It has data through September of this year. How is it out of date?


----------



## timtesla

Interesting read. Seems in line with what I've seen with my own car and read on this site and other forums. There weren't many surprises to me.

Just a point about the data being "old". It isn't, but even if you choose to believe that, it still shows a trend of gradual improvement over time which we can use to predict the quality of cars coming out in the future. You can see when major things happen at Tesla and how it affects issues appearing and disappearing.
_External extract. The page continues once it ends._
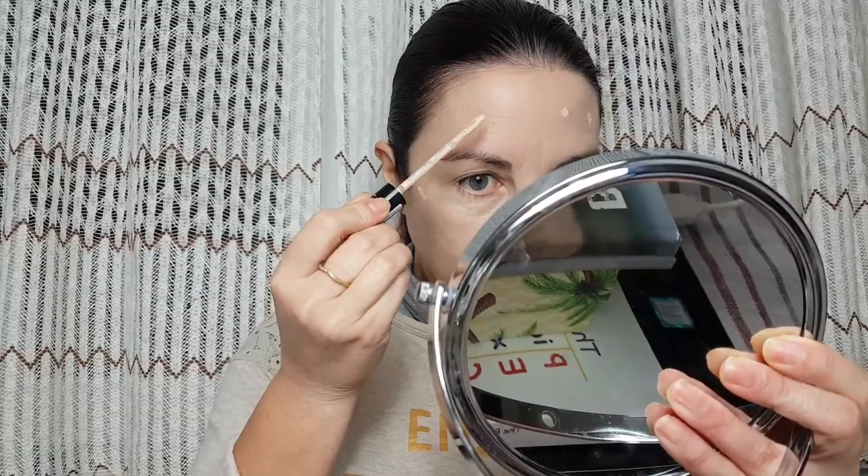Now when foundation is on, I'm going to use Catrice liquid concealer. I'm going to apply it underneath my eye, on the lid, and use it to cover some spots. I got some pimples on parts of my face, so I'm going to put just a tiny amount of concealer to cover them and then blend it with a finger.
Found that kind of neat.


----------



## bwilson4web

timtesla said:


> about the data being "old". It isn't, but even if you choose to believe that, it still shows a trend of gradual improvement


There was a final question asking about what is missing from the survey. It would make sense to ask "What version of software are you running?" to map the improvements.

In my case, I suggested asking how long it takes to feel in control and comfortable with the car:

Leaving the lot
First 30 days
First 90 days
Still learning (my choice)
Bob Wilson


----------



## Curt Renz

Bloomberg - today:


----------



## Carl_P

All,

Bloomberg has posted a Model 3 Survey in which they plot battery degradation. See the bottom of this page:

https://www.bloomberg.com/graphics/2019-tesla-model-3-survey/customer-service-battery.html

Result of the study: *Charging capacity declines less than 1% for every 10,000 miles of driving. *

My mid-range is at 248 miles (6% degradation) after just 11k miles. I am one of those dots at the bottom, and certainly an outlier. I wish board members would stop saying that 5% degradation in the first 10k miles is normal (I've been told this). It's not, according to this study of 5000+ batteries.


----------



## FRC

To me, the really important information on that degradation graph is how flat the degradation is beyond about 27K miles.


----------



## Ed Woodrick

The reality is that the Bloomberg study only mimics the posts here with people thinking they have degradation and don't really have any


----------



## msjulie

I figure mine is closer to 10, maybe 9% - still "normal" according to Tesla, if not thrilling... waiting on the next update to see if the calculations change at all since the energy app suggests more range than the battery icon does..


----------



## FRC

Since I rarely want to ride more than 200 miles in a single leg, I'm happy with a range greater than 200. My 100% range has fallen from 310 to 294 in 41K miles. A bit below the Bloomberg curve but not worrisome. I realize that losing 16 miles on the guess-o-meter is evidence of very little, but to suggest that degradation is 0 is truly head in the sand behavior.


----------



## garsh

Carl_P said:


> Bloomberg has posted a Model 3 Survey in which they plot battery degradation. See the bottom of this page:


But also note how many points on that graph show a capacity _*greater than 100%*_.
It makes me question the validity of simply asking users to state their level of degradation.


----------



## Carl_P

FRC said:


> Since I rarely want to ride more than 200 miles in a single leg, I'm happy with a range greater than 200. My 100% range has fallen from 310 to 294 in 41K miles. A bit below the Bloomberg curve but not worrisome. I realize that losing 16 miles on the guess-o-meter is evidence of very little, but to suggest that degradation is 0 is truly head in the sand behavior.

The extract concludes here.